→ **Task brief**
Output the entries below exactly, from the first line to the line holding "IQ Six Pro Juego", both included.

(Records contained in a dataset)
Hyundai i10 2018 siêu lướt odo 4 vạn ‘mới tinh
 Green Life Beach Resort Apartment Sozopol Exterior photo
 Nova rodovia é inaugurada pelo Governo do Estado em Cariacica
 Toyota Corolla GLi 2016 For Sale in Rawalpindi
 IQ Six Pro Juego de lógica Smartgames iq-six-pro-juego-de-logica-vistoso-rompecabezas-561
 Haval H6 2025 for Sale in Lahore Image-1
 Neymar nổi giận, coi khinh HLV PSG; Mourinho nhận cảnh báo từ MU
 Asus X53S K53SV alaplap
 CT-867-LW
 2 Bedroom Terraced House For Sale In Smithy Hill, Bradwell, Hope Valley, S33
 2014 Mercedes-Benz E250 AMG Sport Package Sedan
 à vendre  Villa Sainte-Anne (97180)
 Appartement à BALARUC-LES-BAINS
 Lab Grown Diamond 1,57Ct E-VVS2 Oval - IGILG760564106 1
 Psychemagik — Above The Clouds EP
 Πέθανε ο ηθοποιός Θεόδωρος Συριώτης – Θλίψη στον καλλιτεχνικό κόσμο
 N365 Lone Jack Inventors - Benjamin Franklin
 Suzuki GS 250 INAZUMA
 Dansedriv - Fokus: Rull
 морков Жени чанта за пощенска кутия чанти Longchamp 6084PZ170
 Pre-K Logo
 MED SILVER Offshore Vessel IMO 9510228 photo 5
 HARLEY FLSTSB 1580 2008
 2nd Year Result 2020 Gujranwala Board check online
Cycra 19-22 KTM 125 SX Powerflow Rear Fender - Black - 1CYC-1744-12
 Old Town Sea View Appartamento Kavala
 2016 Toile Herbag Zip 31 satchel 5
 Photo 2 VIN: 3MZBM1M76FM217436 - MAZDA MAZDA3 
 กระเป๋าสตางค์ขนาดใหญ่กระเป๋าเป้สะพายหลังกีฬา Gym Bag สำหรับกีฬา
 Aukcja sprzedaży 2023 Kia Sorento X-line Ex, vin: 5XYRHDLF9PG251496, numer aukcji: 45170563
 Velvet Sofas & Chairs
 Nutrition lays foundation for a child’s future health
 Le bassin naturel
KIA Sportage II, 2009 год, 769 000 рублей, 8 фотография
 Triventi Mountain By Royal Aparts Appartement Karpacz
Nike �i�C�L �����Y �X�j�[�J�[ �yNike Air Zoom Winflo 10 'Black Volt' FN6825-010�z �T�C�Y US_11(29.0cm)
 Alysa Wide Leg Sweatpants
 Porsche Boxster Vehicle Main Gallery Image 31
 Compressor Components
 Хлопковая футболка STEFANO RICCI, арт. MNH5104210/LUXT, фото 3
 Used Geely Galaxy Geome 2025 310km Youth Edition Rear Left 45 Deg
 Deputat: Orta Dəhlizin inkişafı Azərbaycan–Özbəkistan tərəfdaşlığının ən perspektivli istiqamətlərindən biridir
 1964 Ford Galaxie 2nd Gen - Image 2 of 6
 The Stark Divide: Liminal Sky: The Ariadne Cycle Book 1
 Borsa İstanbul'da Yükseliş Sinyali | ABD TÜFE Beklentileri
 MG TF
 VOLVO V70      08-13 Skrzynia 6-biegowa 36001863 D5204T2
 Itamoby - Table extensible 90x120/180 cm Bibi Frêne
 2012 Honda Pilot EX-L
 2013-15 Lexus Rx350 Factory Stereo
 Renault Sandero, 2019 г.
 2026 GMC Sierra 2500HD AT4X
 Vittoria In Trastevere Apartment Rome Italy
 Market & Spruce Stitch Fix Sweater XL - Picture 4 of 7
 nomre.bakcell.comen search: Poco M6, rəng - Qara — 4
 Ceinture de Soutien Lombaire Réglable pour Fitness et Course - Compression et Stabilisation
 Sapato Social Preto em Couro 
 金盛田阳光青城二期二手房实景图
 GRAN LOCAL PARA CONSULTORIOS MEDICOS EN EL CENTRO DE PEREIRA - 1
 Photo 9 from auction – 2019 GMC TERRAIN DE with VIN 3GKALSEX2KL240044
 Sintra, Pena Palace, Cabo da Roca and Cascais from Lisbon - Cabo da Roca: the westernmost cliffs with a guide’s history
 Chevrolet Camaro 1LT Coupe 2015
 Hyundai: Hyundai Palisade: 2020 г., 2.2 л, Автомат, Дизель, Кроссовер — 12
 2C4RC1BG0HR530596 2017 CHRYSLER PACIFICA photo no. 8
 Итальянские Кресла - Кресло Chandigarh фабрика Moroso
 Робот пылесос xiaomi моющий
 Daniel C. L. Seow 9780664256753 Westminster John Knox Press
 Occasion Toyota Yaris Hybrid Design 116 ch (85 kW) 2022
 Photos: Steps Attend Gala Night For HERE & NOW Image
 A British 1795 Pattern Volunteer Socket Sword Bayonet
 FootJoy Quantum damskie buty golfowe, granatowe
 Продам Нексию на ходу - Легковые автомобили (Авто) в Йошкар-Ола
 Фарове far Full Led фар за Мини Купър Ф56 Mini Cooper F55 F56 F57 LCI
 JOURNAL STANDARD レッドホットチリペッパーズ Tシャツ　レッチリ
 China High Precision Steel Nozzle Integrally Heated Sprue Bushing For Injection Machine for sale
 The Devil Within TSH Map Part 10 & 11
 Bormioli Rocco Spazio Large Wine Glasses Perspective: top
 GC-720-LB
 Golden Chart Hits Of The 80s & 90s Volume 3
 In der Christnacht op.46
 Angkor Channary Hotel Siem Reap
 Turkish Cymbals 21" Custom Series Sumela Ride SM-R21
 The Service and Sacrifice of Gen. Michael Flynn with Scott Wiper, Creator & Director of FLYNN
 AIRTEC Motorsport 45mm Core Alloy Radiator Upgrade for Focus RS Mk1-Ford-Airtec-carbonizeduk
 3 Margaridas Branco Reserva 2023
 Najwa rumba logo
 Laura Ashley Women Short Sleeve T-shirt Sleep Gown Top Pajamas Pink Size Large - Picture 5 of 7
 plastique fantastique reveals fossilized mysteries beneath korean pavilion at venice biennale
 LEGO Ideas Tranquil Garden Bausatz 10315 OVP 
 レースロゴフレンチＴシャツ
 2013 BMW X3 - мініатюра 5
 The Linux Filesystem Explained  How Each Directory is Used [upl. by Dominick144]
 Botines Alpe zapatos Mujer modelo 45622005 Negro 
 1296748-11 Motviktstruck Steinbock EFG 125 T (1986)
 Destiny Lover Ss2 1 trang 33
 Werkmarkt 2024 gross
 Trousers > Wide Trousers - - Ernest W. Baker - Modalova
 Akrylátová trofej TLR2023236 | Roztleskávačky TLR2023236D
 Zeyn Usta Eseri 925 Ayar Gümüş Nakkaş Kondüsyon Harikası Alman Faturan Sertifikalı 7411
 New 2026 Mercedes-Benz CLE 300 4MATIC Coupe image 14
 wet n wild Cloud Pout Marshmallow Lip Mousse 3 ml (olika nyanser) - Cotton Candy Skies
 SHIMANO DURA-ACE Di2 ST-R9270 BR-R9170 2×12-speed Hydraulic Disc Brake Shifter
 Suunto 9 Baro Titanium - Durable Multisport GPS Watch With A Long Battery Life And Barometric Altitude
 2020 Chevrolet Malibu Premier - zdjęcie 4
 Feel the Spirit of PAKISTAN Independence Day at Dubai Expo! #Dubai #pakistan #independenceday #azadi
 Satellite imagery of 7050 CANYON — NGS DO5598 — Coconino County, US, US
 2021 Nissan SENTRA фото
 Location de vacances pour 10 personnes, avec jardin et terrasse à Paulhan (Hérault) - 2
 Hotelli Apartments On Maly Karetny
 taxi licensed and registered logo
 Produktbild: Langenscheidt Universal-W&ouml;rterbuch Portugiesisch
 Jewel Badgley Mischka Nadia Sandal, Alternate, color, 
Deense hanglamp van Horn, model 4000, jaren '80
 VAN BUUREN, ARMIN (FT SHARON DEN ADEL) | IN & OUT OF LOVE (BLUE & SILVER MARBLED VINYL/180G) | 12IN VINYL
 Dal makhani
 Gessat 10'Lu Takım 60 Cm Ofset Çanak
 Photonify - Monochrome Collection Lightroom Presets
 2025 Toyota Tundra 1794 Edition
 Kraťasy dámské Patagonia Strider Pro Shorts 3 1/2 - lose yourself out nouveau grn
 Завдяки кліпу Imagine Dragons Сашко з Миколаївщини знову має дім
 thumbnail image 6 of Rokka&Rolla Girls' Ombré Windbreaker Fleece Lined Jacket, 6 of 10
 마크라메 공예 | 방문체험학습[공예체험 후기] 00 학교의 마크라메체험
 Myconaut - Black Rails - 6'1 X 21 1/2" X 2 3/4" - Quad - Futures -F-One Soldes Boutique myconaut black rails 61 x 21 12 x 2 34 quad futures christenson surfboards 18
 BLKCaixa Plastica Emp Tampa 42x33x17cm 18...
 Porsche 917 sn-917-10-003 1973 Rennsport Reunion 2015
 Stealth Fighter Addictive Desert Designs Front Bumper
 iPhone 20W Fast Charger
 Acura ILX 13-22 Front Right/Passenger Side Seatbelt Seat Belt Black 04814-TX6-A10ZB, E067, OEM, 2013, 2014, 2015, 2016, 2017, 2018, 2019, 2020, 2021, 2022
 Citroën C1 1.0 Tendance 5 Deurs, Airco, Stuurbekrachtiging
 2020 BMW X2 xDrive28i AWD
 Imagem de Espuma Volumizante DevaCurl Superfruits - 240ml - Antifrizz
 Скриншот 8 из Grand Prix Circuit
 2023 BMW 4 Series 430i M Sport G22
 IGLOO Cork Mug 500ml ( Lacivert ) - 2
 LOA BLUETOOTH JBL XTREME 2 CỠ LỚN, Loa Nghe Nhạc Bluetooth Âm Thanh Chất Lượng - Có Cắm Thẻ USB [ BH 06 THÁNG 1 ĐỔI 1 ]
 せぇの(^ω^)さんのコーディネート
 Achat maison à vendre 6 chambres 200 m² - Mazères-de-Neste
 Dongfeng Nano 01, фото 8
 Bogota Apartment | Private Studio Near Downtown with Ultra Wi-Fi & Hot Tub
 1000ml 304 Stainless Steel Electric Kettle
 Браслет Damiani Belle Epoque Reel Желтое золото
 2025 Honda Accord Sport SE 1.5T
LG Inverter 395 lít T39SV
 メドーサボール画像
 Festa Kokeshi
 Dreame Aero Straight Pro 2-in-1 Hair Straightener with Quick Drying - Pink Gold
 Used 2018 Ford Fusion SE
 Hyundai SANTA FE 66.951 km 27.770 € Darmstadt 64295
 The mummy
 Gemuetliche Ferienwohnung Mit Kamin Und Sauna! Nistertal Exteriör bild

→ **Answer area**
Hyundai i10 2018 siêu lướt odo 4 vạn ‘mới tinh
 Green Life Beach Resort Apartment Sozopol Exterior photo
 Nova rodovia é inaugurada pelo Governo do Estado em Cariacica
 Toyota Corolla GLi 2016 For Sale in Rawalpindi
 IQ Six Pro Juego de lógica Smartgames iq-six-pro-juego-de-logica-vistoso-rompecabezas-561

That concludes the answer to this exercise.